---------- DATA PROVIDED
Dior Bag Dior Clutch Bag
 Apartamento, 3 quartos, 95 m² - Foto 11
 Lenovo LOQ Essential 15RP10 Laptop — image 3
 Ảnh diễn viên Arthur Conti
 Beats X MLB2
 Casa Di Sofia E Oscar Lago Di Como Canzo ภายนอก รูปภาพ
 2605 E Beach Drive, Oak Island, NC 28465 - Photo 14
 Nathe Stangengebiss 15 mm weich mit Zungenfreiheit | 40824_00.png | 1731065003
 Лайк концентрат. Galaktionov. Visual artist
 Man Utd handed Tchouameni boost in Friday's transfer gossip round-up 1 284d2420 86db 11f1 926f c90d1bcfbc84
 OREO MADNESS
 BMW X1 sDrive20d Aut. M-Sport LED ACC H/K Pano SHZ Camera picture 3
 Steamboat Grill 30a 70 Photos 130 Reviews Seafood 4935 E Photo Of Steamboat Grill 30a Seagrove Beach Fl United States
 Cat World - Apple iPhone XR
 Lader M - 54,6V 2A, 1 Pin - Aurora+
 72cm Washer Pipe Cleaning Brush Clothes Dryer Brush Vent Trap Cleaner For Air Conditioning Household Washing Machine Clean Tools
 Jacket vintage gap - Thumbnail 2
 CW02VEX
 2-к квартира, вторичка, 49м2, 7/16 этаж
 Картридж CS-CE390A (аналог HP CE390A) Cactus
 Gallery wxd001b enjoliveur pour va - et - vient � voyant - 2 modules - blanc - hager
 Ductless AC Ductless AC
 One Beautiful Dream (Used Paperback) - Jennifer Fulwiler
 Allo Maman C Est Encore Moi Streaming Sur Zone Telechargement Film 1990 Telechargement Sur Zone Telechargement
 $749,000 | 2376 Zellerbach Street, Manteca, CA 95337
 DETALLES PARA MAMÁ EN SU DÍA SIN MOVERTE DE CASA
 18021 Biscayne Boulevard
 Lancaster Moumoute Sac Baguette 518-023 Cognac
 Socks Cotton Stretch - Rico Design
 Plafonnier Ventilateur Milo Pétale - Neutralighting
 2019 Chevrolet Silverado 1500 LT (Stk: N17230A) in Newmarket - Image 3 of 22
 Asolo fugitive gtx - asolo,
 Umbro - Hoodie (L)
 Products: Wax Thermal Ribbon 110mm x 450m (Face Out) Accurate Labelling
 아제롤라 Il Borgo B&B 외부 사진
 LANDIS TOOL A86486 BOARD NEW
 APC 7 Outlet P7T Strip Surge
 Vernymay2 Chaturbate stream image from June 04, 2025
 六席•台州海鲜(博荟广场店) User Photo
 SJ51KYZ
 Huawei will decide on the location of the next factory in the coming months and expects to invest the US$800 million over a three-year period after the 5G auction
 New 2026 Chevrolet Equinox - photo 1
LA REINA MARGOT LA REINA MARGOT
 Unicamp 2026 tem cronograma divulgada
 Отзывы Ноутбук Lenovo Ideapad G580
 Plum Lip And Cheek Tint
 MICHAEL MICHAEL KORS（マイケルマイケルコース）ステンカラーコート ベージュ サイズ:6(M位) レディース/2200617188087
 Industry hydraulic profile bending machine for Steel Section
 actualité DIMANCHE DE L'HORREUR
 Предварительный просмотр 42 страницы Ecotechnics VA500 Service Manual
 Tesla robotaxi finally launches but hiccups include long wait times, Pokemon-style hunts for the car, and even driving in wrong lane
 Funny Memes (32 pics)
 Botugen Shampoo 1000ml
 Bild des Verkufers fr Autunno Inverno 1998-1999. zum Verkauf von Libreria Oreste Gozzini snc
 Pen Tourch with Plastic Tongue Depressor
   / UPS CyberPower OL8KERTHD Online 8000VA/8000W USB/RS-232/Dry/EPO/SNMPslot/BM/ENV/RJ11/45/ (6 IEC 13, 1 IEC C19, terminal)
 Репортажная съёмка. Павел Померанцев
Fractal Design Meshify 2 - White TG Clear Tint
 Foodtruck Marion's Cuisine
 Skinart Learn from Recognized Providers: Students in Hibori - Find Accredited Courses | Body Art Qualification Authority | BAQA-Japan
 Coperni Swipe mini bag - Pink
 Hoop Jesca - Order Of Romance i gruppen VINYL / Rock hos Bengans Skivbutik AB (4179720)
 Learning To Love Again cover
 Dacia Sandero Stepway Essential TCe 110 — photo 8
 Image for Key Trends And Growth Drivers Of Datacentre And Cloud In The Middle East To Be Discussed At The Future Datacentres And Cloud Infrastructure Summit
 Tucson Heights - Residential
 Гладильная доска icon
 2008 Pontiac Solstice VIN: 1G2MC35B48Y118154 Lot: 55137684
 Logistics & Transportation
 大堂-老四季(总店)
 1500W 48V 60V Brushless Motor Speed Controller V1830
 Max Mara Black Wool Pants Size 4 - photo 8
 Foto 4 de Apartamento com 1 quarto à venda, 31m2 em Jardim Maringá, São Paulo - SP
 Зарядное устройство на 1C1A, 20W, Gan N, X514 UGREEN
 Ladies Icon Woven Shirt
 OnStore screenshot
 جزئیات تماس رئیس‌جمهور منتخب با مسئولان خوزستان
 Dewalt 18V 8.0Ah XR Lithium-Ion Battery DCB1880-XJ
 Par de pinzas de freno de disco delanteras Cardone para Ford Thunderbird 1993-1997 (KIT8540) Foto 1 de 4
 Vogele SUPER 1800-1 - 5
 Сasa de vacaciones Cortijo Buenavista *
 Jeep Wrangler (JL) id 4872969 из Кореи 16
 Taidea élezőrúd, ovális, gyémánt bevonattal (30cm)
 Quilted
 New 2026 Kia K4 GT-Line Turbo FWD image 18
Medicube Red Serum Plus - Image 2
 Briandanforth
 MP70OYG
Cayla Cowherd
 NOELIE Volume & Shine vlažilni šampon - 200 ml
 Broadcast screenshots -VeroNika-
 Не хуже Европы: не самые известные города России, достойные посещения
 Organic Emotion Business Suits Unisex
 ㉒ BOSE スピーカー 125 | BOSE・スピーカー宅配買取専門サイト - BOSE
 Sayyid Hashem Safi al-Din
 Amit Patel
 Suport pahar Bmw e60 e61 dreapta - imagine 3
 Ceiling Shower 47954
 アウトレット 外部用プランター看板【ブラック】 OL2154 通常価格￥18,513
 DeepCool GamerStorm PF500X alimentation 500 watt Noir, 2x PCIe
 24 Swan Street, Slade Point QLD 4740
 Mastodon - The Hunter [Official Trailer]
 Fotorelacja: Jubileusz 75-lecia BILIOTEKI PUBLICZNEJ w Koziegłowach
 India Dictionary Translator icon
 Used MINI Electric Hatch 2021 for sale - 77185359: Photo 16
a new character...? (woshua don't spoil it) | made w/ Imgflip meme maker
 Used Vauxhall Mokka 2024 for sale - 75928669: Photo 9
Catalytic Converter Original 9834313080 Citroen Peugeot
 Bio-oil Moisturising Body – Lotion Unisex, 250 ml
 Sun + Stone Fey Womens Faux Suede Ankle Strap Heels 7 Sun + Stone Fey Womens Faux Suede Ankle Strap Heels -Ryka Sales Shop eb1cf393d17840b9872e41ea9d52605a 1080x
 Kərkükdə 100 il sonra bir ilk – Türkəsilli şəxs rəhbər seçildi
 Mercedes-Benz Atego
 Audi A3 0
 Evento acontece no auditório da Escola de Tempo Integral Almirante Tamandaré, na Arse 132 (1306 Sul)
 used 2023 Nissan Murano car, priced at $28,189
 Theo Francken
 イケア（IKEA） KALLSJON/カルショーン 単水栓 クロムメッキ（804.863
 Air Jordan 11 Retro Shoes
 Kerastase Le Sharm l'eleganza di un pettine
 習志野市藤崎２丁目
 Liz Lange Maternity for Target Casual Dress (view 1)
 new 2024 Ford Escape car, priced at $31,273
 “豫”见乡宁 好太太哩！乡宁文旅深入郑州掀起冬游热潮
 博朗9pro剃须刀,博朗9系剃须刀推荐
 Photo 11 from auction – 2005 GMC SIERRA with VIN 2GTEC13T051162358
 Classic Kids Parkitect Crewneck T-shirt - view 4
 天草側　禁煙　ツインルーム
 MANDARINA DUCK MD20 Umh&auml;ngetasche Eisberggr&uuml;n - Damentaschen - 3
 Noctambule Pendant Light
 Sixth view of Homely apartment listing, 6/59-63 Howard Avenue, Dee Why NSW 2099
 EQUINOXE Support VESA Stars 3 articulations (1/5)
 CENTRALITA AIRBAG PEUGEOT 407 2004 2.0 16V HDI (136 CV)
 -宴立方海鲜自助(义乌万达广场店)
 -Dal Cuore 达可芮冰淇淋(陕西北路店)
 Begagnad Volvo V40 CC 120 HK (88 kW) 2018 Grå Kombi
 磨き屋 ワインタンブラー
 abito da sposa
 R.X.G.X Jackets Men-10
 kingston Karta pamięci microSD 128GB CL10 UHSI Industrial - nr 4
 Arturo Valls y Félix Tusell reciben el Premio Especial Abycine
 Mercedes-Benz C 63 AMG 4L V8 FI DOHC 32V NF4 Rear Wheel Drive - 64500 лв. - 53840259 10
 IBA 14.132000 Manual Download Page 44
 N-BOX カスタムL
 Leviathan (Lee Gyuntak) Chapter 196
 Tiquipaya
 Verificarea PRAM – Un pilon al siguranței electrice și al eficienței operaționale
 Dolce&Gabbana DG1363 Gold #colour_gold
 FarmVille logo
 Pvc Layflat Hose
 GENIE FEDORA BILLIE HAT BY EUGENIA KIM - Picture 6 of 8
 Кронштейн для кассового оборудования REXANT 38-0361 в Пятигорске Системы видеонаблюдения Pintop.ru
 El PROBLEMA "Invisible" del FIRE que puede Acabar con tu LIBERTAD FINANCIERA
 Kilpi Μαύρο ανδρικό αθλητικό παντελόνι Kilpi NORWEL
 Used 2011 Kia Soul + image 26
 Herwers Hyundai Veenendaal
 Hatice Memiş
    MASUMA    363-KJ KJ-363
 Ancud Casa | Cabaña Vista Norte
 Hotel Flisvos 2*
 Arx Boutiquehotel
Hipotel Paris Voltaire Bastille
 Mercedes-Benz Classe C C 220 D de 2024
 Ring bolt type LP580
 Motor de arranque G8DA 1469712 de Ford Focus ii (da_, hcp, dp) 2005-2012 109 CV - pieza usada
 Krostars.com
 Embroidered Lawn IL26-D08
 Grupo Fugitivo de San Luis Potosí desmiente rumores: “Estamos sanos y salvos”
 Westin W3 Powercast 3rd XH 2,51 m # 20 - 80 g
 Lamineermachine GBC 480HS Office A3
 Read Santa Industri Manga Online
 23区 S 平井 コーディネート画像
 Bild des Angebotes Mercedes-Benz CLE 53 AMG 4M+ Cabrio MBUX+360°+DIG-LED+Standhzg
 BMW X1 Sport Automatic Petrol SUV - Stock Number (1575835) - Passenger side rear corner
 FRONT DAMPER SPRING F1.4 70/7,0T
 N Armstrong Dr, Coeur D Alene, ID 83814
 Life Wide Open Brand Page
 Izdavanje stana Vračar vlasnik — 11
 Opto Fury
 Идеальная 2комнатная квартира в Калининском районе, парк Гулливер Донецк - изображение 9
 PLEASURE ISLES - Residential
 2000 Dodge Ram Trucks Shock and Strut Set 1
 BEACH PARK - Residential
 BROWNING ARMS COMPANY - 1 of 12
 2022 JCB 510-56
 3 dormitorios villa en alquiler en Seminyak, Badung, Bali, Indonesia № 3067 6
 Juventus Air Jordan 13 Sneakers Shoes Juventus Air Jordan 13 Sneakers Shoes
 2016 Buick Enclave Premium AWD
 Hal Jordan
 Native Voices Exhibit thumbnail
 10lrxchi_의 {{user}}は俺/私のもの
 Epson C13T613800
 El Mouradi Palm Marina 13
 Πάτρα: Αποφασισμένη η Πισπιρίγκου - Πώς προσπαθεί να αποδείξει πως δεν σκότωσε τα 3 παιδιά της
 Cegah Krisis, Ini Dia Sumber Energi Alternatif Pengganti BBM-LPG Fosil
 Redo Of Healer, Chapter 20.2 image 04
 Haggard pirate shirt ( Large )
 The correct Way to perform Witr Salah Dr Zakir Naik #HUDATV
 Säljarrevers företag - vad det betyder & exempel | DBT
--------------------
PROBLEM DETAILS:
Reproduce word for word the material above, beginning with the line that contains "Briandanforth" and ending with the line that contains "Kərkükdə 100 il".

TASK ANSWER:
 Briandanforth
 MP70OYG
Cayla Cowherd
 NOELIE Volume & Shine vlažilni šampon - 200 ml
 Broadcast screenshots -VeroNika-
 Не хуже Европы: не самые известные города России, достойные посещения
 Organic Emotion Business Suits Unisex
 ㉒ BOSE スピーカー 125 | BOSE・スピーカー宅配買取専門サイト - BOSE
 Sayyid Hashem Safi al-Din
 Amit Patel
 Suport pahar Bmw e60 e61 dreapta - imagine 3
 Ceiling Shower 47954
 アウトレット 外部用プランター看板【ブラック】 OL2154 通常価格￥18,513
 DeepCool GamerStorm PF500X alimentation 500 watt Noir, 2x PCIe
 24 Swan Street, Slade Point QLD 4740
 Mastodon - The Hunter [Official Trailer]
 Fotorelacja: Jubileusz 75-lecia BILIOTEKI PUBLICZNEJ w Koziegłowach
 India Dictionary Translator icon
 Used MINI Electric Hatch 2021 for sale - 77185359: Photo 16
a new character...? (woshua don't spoil it) | made w/ Imgflip meme maker
 Used Vauxhall Mokka 2024 for sale - 75928669: Photo 9
Catalytic Converter Original 9834313080 Citroen Peugeot
 Bio-oil Moisturising Body – Lotion Unisex, 250 ml
 Sun + Stone Fey Womens Faux Suede Ankle Strap Heels 7 Sun + Stone Fey Womens Faux Suede Ankle Strap Heels -Ryka Sales Shop eb1cf393d17840b9872e41ea9d52605a 1080x
 Kərkükdə 100 il sonra bir ilk – Türkəsilli şəxs rəhbər seçildi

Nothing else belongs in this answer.